Exercise details:
Write all of the lines below out again, exactly as they stand.

Records for the task:

────────────────────────────────────────

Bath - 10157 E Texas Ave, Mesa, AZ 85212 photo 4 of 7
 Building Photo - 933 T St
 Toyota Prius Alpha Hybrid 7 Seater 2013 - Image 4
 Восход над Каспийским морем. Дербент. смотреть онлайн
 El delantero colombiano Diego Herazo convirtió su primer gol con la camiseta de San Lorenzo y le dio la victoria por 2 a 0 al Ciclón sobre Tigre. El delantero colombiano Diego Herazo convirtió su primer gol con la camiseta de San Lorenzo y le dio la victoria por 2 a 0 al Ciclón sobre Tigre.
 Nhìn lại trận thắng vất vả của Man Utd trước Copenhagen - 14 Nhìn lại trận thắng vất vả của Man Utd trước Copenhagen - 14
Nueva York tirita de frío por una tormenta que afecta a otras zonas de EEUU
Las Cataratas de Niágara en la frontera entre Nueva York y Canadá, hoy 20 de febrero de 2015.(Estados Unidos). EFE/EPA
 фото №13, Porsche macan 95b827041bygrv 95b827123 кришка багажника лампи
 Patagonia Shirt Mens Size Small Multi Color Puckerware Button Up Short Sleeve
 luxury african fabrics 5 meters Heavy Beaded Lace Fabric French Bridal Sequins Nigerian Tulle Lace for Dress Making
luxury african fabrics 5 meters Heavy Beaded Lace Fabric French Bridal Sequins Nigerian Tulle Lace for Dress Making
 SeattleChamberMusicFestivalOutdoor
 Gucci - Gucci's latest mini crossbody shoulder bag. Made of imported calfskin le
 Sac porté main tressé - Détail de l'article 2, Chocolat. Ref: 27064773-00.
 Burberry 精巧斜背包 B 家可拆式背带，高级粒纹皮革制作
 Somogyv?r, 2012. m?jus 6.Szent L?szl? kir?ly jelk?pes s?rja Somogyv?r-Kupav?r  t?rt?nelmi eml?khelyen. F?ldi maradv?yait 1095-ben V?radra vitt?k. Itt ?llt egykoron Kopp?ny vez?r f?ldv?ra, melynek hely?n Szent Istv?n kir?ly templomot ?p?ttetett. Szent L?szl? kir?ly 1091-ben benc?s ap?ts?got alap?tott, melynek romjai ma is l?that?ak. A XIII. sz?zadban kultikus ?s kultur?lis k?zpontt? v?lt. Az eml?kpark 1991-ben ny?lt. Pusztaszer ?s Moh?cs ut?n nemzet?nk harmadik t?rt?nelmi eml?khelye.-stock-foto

────────────────────────────────────────

Response area:
Bath - 10157 E Texas Ave, Mesa, AZ 85212 photo 4 of 7
 Building Photo - 933 T St
 Toyota Prius Alpha Hybrid 7 Seater 2013 - Image 4
 Восход над Каспийским морем. Дербент. смотреть онлайн
 El delantero colombiano Diego Herazo convirtió su primer gol con la camiseta de San Lorenzo y le dio la victoria por 2 a 0 al Ciclón sobre Tigre. El delantero colombiano Diego Herazo convirtió su primer gol con la camiseta de San Lorenzo y le dio la victoria por 2 a 0 al Ciclón sobre Tigre.
 Nhìn lại trận thắng vất vả của Man Utd trước Copenhagen - 14 Nhìn lại trận thắng vất vả của Man Utd trước Copenhagen - 14
Nueva York tirita de frío por una tormenta que afecta a otras zonas de EEUU
Las Cataratas de Niágara en la frontera entre Nueva York y Canadá, hoy 20 de febrero de 2015.(Estados Unidos). EFE/EPA
 фото №13, Porsche macan 95b827041bygrv 95b827123 кришка багажника лампи
 Patagonia Shirt Mens Size Small Multi Color Puckerware Button Up Short Sleeve
 luxury african fabrics 5 meters Heavy Beaded Lace Fabric French Bridal Sequins Nigerian Tulle Lace for Dress Making
luxury african fabrics 5 meters Heavy Beaded Lace Fabric French Bridal Sequins Nigerian Tulle Lace for Dress Making
 SeattleChamberMusicFestivalOutdoor
 Gucci - Gucci's latest mini crossbody shoulder bag. Made of imported calfskin le
 Sac porté main tressé - Détail de l'article 2, Chocolat. Ref: 27064773-00.
 Burberry 精巧斜背包 B 家可拆式背带，高级粒纹皮革制作
 Somogyv?r, 2012. m?jus 6.Szent L?szl? kir?ly jelk?pes s?rja Somogyv?r-Kupav?r  t?rt?nelmi eml?khelyen. F?ldi maradv?yait 1095-ben V?radra vitt?k. Itt ?llt egykoron Kopp?ny vez?r f?ldv?ra, melynek hely?n Szent Istv?n kir?ly templomot ?p?ttetett. Szent L?szl? kir?ly 1091-ben benc?s ap?ts?got alap?tott, melynek romjai ma is l?that?ak. A XIII. sz?zadban kultikus ?s kultur?lis k?zpontt? v?lt. Az eml?kpark 1991-ben ny?lt. Pusztaszer ?s Moh?cs ut?n nemzet?nk harmadik t?rt?nelmi eml?khelye.-stock-foto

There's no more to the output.